*** DATASET CONTENT Section Begins ***

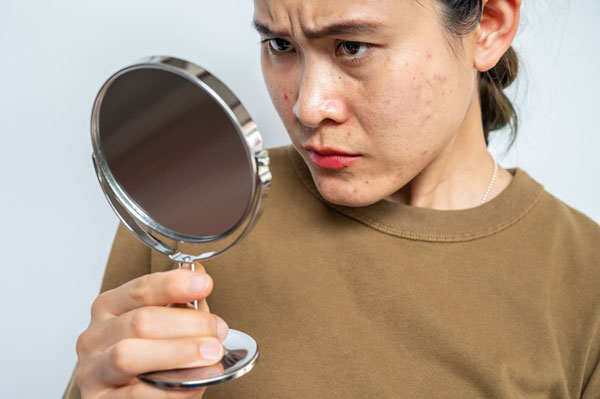 칙칙한 피부는 ‘색소침착’ 때문… 美 전문가가 말하는 개선법, 뭘까?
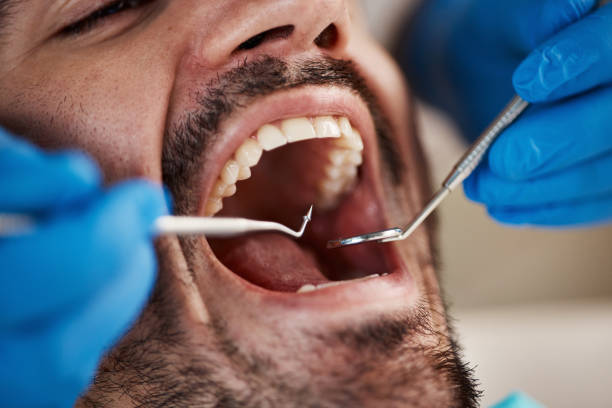Best Emergency Root Canal Treatment in Sparks, TX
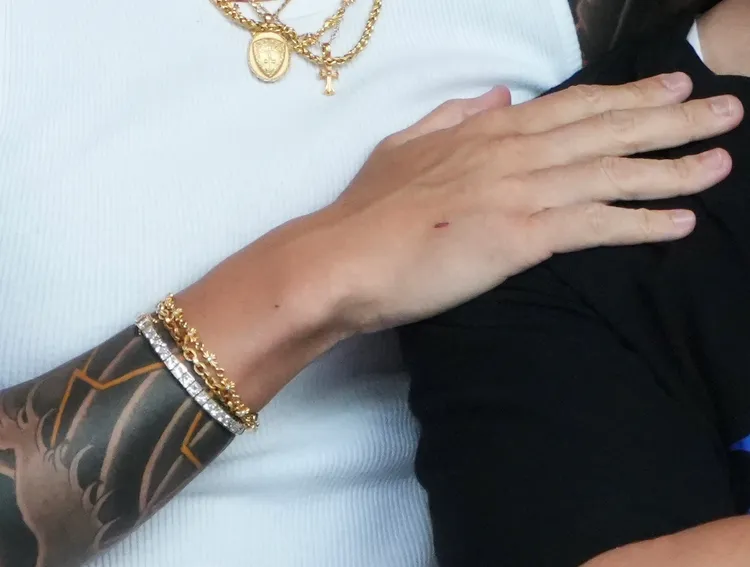 王陽明秀出「愛的傷痕」。彭欣偉攝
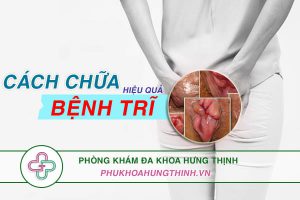 10 Cách chữa bệnh trĩ hiệu quả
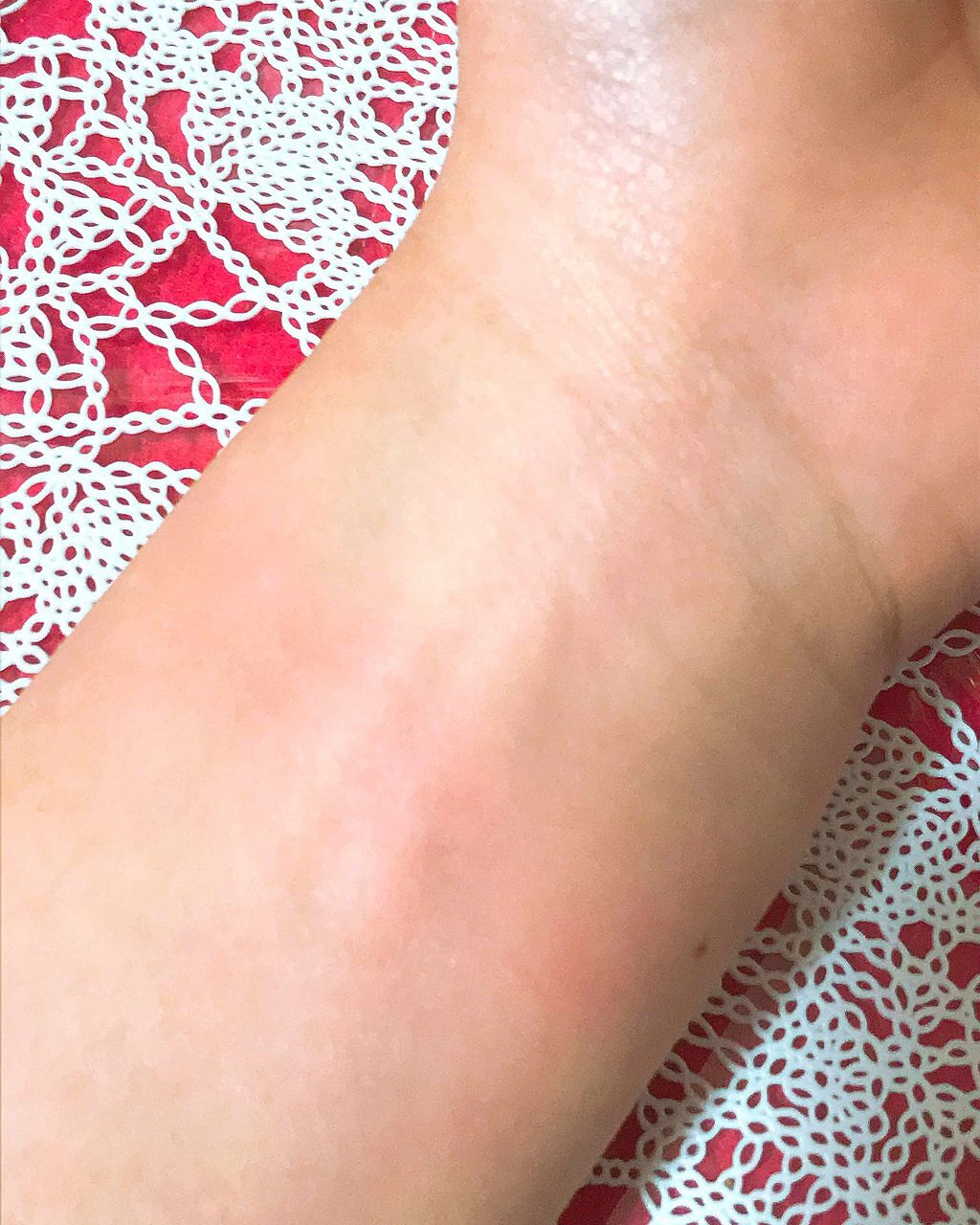 クリーミーチーク/エスポルール/ジェル・クリームチークを使ったクチコミ(4枚目)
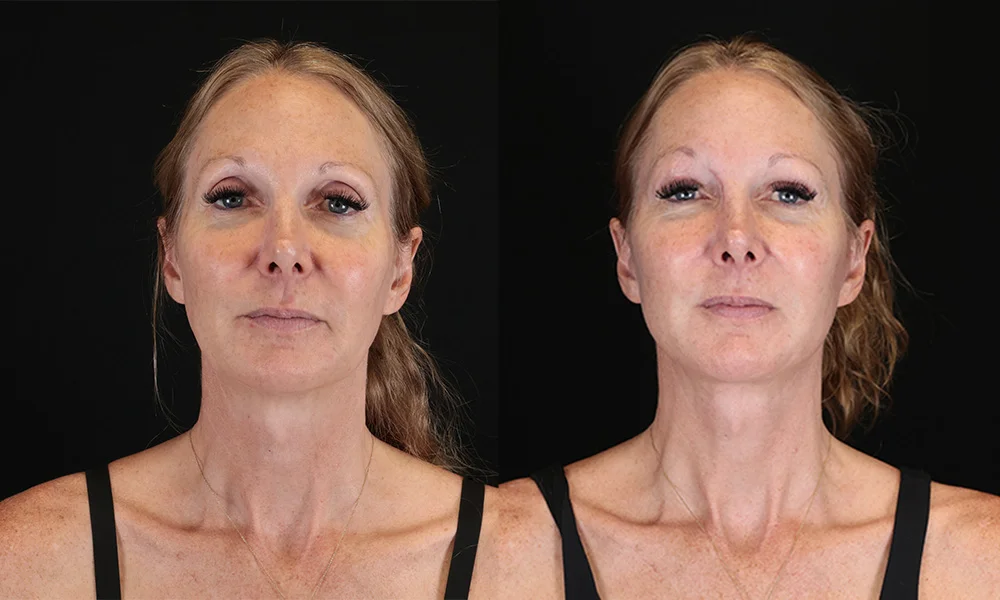 Real patient results in New York, NY Performed by Sameer Halani, MD
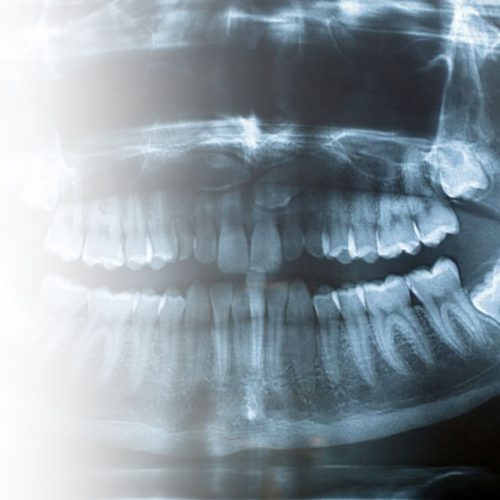 ทำฟัน ขอนแก่น ราคา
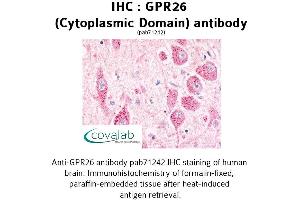 Image no. 1 for anti-G Protein-Coupled Receptor 26 (GPR26) (3rd Cytoplasmic Domain) antibody (ABIN1735037) (GPR26 抗体  (3rd Cytoplasmic Domain))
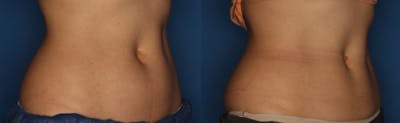 CoolSculpting Before & After Gallery - Patient 400738 - Image 4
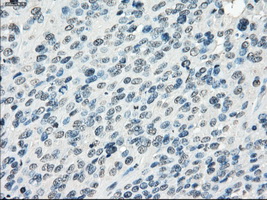 FRA-1 / FOSL1 Antibody - IHC of paraffin-embedded Carcinoma of bladder tissue using anti-FOSL1 mouse monoclonal antibody. (Dilution 1:50).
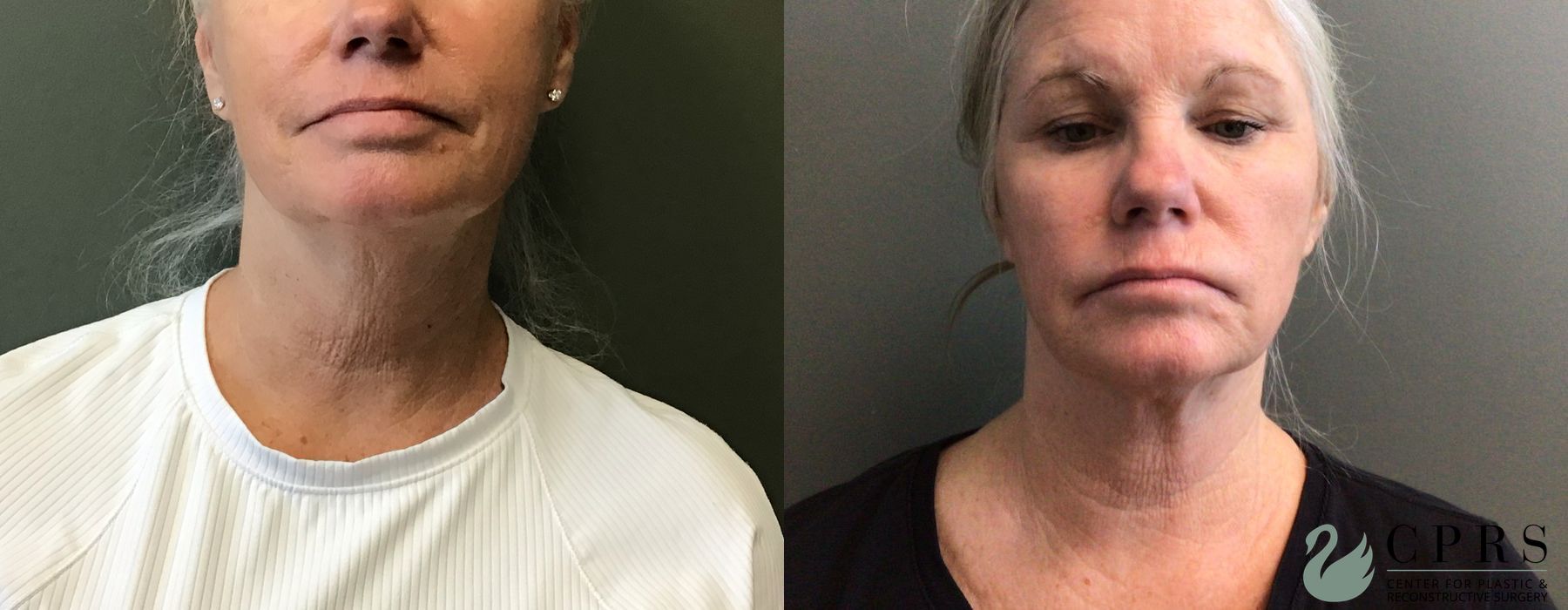 Before and after FaceTite case 38052 - Angle 2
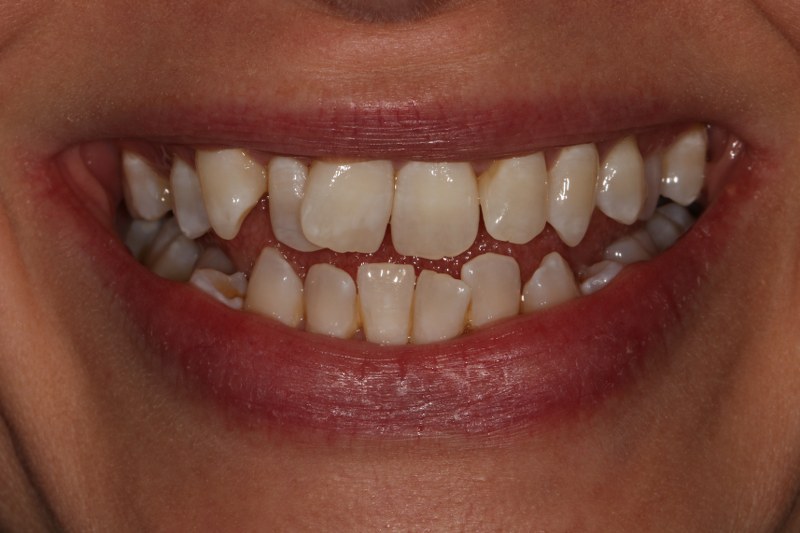 Before - Cheadle Hulme Dental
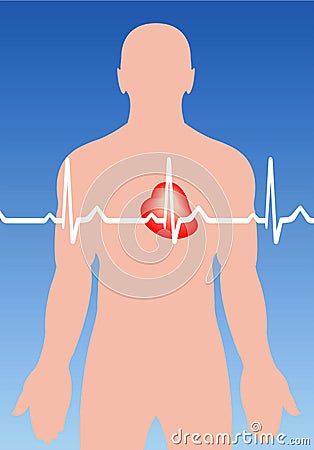 Cardiac arrhythmia Vector Illustration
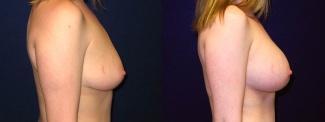 Right Profile View - Breast Augmentation - Silicone Implants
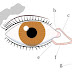 What is Dry Eye Syndrome (keratoconjunctivitis Sicca)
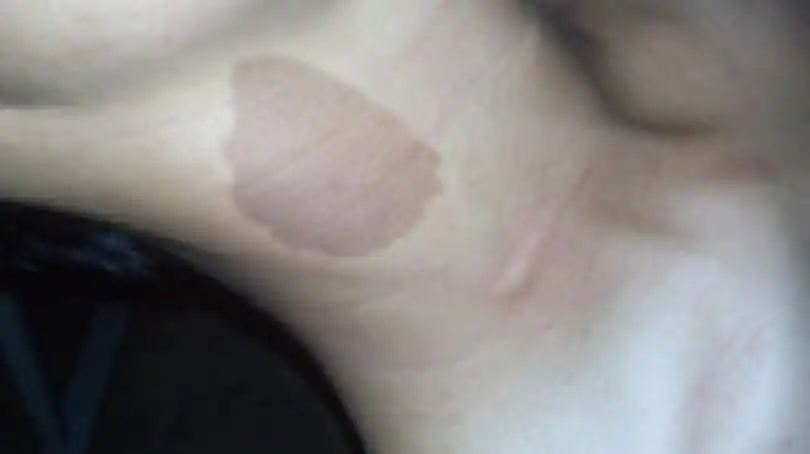 手腕有胎记的人命运_胎记长在后脑勺命运_胎记的位置与命运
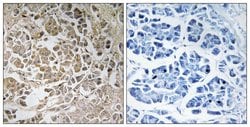 PEX11G Polyclonal Antibody, Invitrogen 100 &mu;g; Unconjugated:Antibodies,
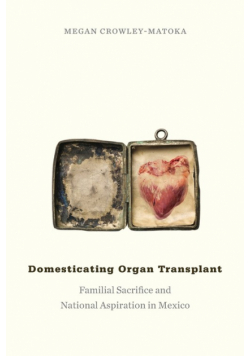 Domesticating Organ Transplant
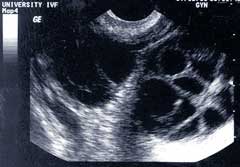 This image shows the ovarian folicles after treatment of fertility medication.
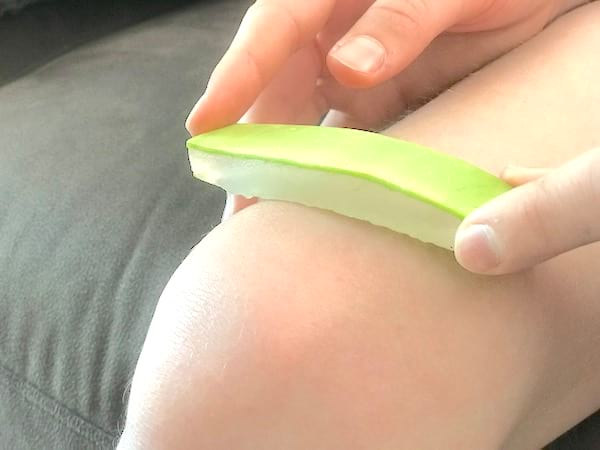 soigner une plaie avec de l'aloe vera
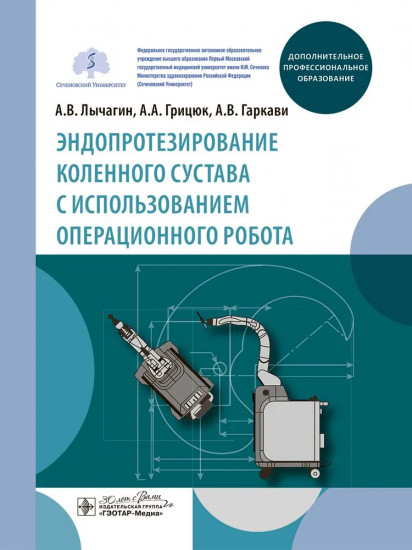 Эндопротезирование коленного сустава с использованием операционного робота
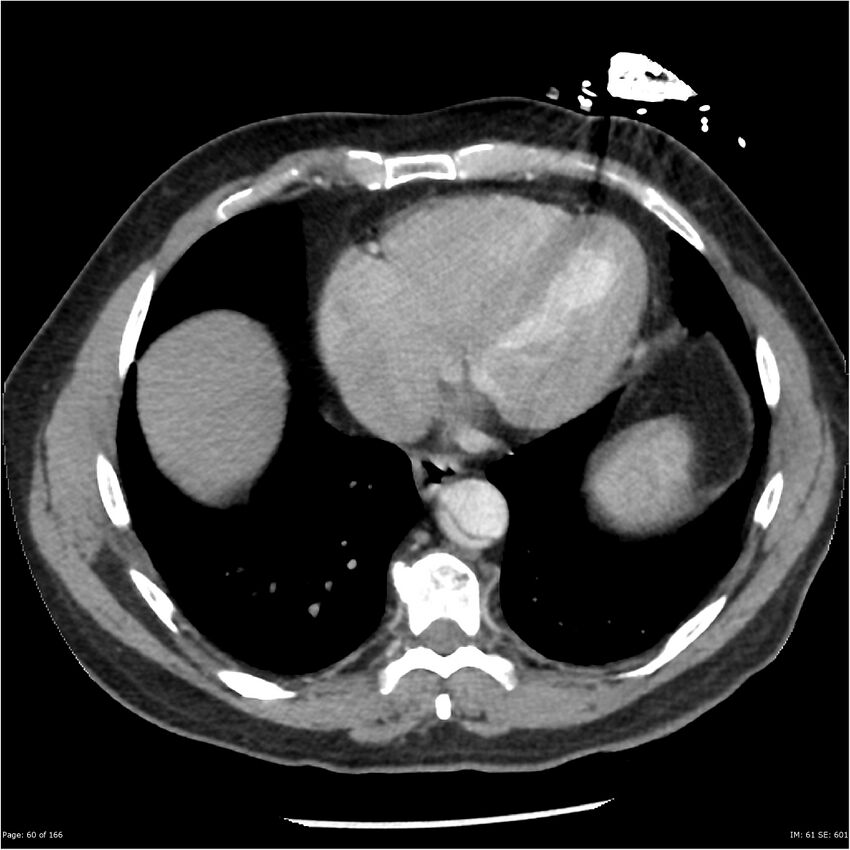 Aortic dissection- Stanford A (Radiopaedia 37759-39664 A 51).jpg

*** DATASET CONTENT Section Ends ***

__WORK INSTRUCTION__:
In the data above, find the line containing "Domesticating Organ Transplant"; from there, please write out each line through the end, exactly, with the pictures omitted.

__RESPONSE__:
 Domesticating Organ Transplant
 This image shows the ovarian folicles after treatment of fertility medication.
 soigner une plaie avec de l'aloe vera
 Эндопротезирование коленного сустава с использованием операционного робота
 Aortic dissection- Stanford A (Radiopaedia 37759-39664 A 51).jpg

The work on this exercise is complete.